LISA Pathfinder is the successful precursor mission for the future European gravitational wave observatory in space. Last year it demonstrated that not only is the technology ready for the future observatory, but the instruments are even more sensitive than we thought.

This exquisite sensitivity has intrigued NASA scientists who want to use the European Space Agency (ESA) craft to study something slightly less exotic than gravitational waves: comet dust.

The Solar System is full of microscopic fragments of comets and asteroids, about the mass of a grain of sand. They might not seem important but they are moving at 36,000 kilometers (22,000 miles) per hour so they do have a quite the momentum.

The researchers have modeled how to use LISA Pathfinder to measure the dust direction and distribution. The probe was designed to keep two test cubes in a perfect freefall, responding only to gravity. It has a shield to protect it from external forces and it has micronewton thrusters to balance them out.

"Every time microscopic dust strikes LISA Pathfinder, its thrusters null out the small amount of momentum transferred to the spacecraft," co-investigator Diego Janches, from NASA’s Goddard Space Flight Center, said in a statement. "We can turn that around and use the thruster firings to learn more about the impacting particles. One team's noise becomes another team's data."

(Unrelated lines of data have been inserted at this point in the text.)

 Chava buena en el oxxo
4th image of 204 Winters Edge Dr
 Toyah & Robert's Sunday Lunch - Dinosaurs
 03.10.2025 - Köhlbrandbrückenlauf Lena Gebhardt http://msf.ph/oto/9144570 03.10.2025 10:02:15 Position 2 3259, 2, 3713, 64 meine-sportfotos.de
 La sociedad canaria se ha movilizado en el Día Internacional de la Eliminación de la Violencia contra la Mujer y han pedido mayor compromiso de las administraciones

When the early results from LISA Pathfinder came in last year, the researchers were delighted that the spacecraft had a precision of almost five times better than expected. It is the most sensitive instrument to measure acceleration ever sent to space. The ingenuity of this project is utterly remarkable.

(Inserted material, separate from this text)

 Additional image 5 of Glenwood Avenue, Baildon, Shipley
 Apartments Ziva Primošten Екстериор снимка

Micrometeoroids are not just leftovers of distant epochs. Comets and asteroids have always peppered the Solar System and continue to do so. These space grains have different velocities and orbits, and a deep space mission like LISA Pathfinder and its successor could provide a lot more clues to their origin.

"This is a proof of concept, but we'd hope to repeat this technique with a full gravitational wave observatory that ESA and NASA are currently studying for the future," said Ira Thorpe, who leads the team. "With multiple spacecraft in different orbits and a much longer observing time, the quality of the data should really improve."

The full-scale LISA – Laser Interferometer Space Antenna – will launch in the 2030s and will have three spacecraft stationed millions of kilometers apart, with lasers stretching between them. This will allow us to observe gravitational waves that we would not be able to observe on Earth – and now learn a lot more about dust, too.